Il y a six mois, jour pour jour, Elizabeth II poussait son dernier souffle et nous retenions le nôtre. Qui allait succéder au mythe? Charles, really? Ce prince moins flamboyant, moins graphique, raillé pour son amour des abeilles et des légumes bio avant l’heure? Celui associé pour toujours au mariage le plus désastreux (et le plus rentable) de mémoire de tabloïd? Pis encore, à la mort de Lady Di?

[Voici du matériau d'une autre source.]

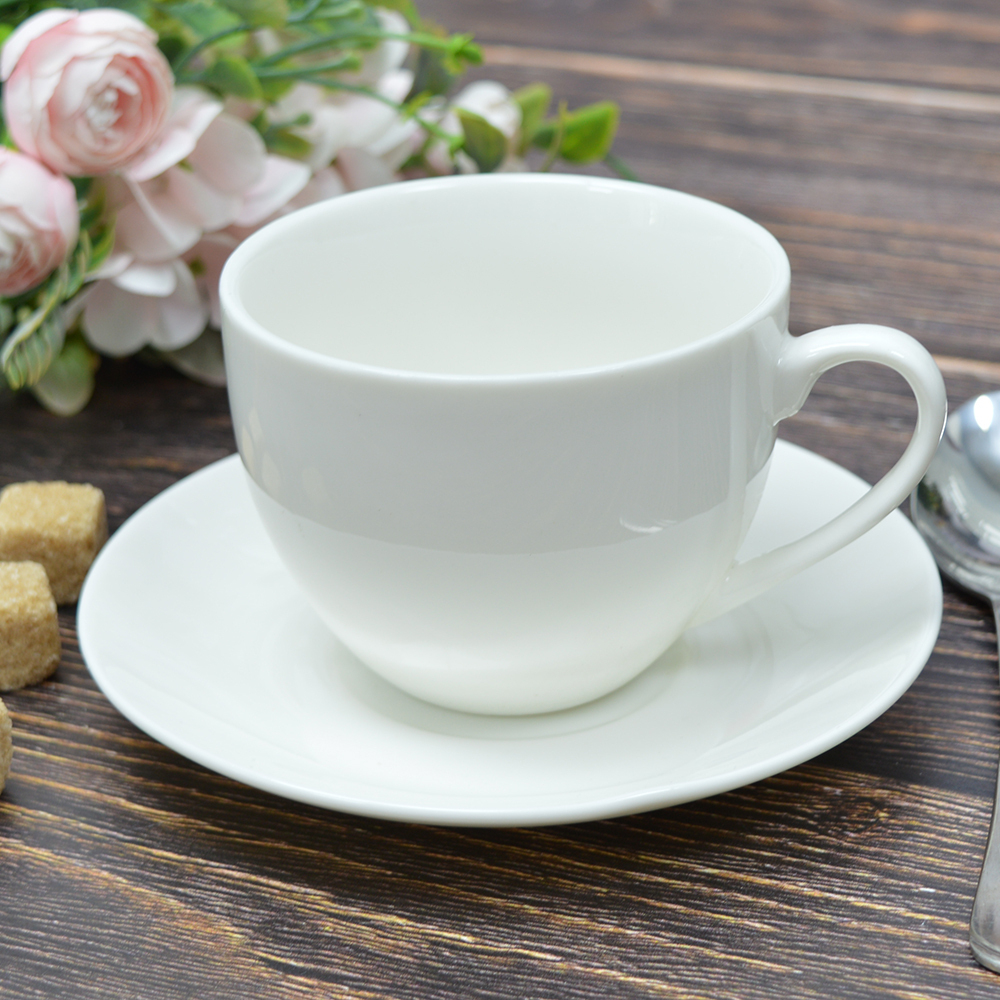 Чайная пара 230мл "Общепит"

Autant dire que le prince Charles - euh, pardon, on doit dire roi, maintenant - avait, ou n'avait pas, tout ce qu'il faut pour nous décevoir. Six mois plus tard, force est de constater que le souverain est loin de s'être pris un râteau. Au contraire. Le roi-jardinier fait usage de ses dix doigts avec beaucoup d'habileté - et qu'importe s'ils sont boudinés.
Les Britanniques ont beau lui refuser le top des sondages de popularité, ils n'ont jamais nié au royal le plus actif de la monarchie britannique son sens du travail et son dévouement.
Réputé hyperactif (il peut aligner jusqu'à sept évènements par jour et ne prend même pas le temps qu'il faut pour déjeuner), parrain engagé d'une brochette honorable d'associations caritatives (on en dénombre au moins 400), Charles n'a pas trouvé dans son accession au trône une occasion pour souffler et poser son royal postérieur. Même si ce siège est le trône d'Angleterre.
Sitôt les adieux à la Reine terminés et les larmes du monde séchées, le successeur a pris les commandes avec un pragmatisme tout britannique. Au fil des bains de foule en kilt, des arbres plantés, des apparitions avec la fidèle Camilla, des jets d'œufs esquivés et des premiers ministres adoubés (deux en moins d'un mois, quand même), Charles III cultive son style avec autant de soin que ses potagers de Highgrove et ses outfits à l'élégance irréprochable.
Infiniment respectueux de l'institution et des traditions, le monarque ose flirter avec les limites de sa position avec bien plus d'audace que sa mère, la reine du silence. Ici et là, le souverain en herbe se laisse aller à quelques incursions politiques, sous forme d'un thé partagé avec Ursula von der Leyen ou d'une poignée de main virile avec Zelensky. Sans jamais basculer dans l'ingérence ou l'interventionnisme. La survie de la «Firme» en dépend.
Au-delà des terrains d'entraînement des soldats ukrainiens, Charles entend poser ses bottes cirées et sa marque sur la question sensible des dépenses royales. Par ces temps de crise économique et sociale, le royaume mérite une monarchie à un meilleur rapport qualité-prix.
Vendre du glamour, du rêve et des paillettes à moindre coût commence par un élagage de la famille royale. Alors, depuis six mois, Charles scie consciencieusement les branches inutiles et amène la royauté à son noyau dur. Oubliez le couronnement de quatre heures d'affilée avec 8000 invités, les cousins au douzième degré, la maison de campagne du fiston, les suites royales dans Buckingham Palace du frangin et tous les privilèges de naissance des royals éloignés qui n'en font pas leur métier.
Une manière aussi impitoyable qu'élégante, peut-être, de faire payer sa trahison au fils exilé en Californie. La tornade Harry et Meghan n'a pas épargné Charles. L'ampleur de la blessure, nous n'en saurons rien.
Sous couvert de l'adage éternel «Ne jamais se plaindre, ne jamais se justifier», le roi a continué son travail sans accorder à Harry et aux médias l'honneur d'un commentaire ou d’un communiqué.
Le patriarche, pourtant, n'a pas la rancune tenace. La preuve: en guise de rameau d'olivier, il a offert le gîte et le couvert au couple qui lui mène la vie dure depuis des mois, à l'occasion de son couronnement en mai prochain. Une main tendue discrètement. L'occasion, peut-être, de renouer le dialogue. On l'ignore. C'est la beauté de la monarchie.
Voilà peut-être la conclusion à tirer de ces six premiers mois de règne. Charles est un chic type, à la personnalité aussi perchée et haut en couleur que les tailleurs d'Elizabeth. Un prince un peu trop pudique, trop passionné, pas assez malléable. Mais un roi dévoué, doté d'un sacré sens du devoir. Un roi digne de sa mère.